I can imagine the lives of those around me. "What happened to Patrick?" they would ask. And knowing their minds, it would be two or three days until someone called the apartment to check. Just my rude and curt answering machine. The cell phone? The voice mail. No email. No smoke signals. Just Patrick gone. I think the best lasting memory I could leave in the minds of those I know is that of an unfinished mystery. Not a bang, not a whimper, just an "oh, well then...huh?" Very much the sigma summation of my existance.

I have a theory. In a very Warhol-esque fashion, I believe that each person is allotted a certain amount of happiness. 15 minutes per se. The number is unimportant and I'm too lazy to do the math. But each person gets only so much. But some people have more happiness than others. It is assymetric. And I think that if the happiness of those around me requires that I toil in misery and drudge, then I will take one for the team. People, take that which is offered to you. Live. Live in happiness if you can. There are those that can not, and they are doing it for you. The Alamo of the soul. Though I hate the word soul....
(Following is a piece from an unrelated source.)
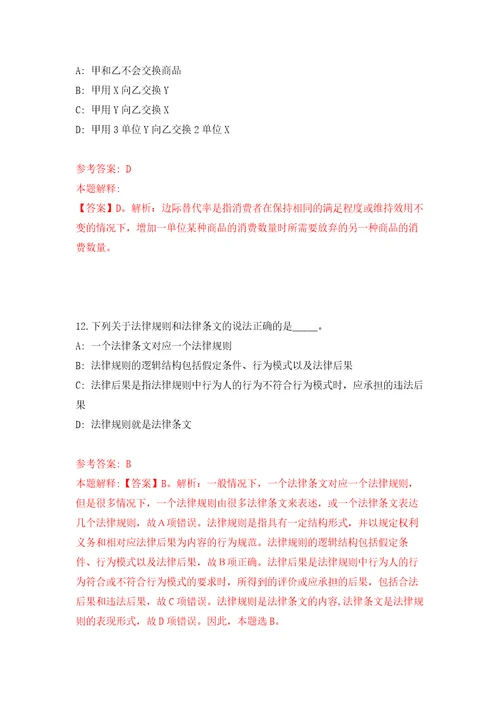 内蒙古包头市石拐区事业单位引进22名高层次紧缺人才强化卷第5版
I make no promises of this blog. I do not even know if I will ever post another. And I personally don't care what the internet community at large thinks of my thoughts. This is close as I can come to sending my thoughts to the electronic void, and much of this rant has been less eloquent than I originally intended, though much can be said the same for my life. When/If I do this again, I will try to lead with a movie quote. That, at least, should be some cheap form of entertainment.

Life would be easier if we could fade at will. Not die, not pass to other realms or other sci-fi jibberish. But just fade. Disappear into nothing. These days I feel I should fade. That this all to earthy and earthly body of mine should remove its profanity from the face of this place. Thin without a whisper, without a sound. Just erased. Removed. Away from the things of man...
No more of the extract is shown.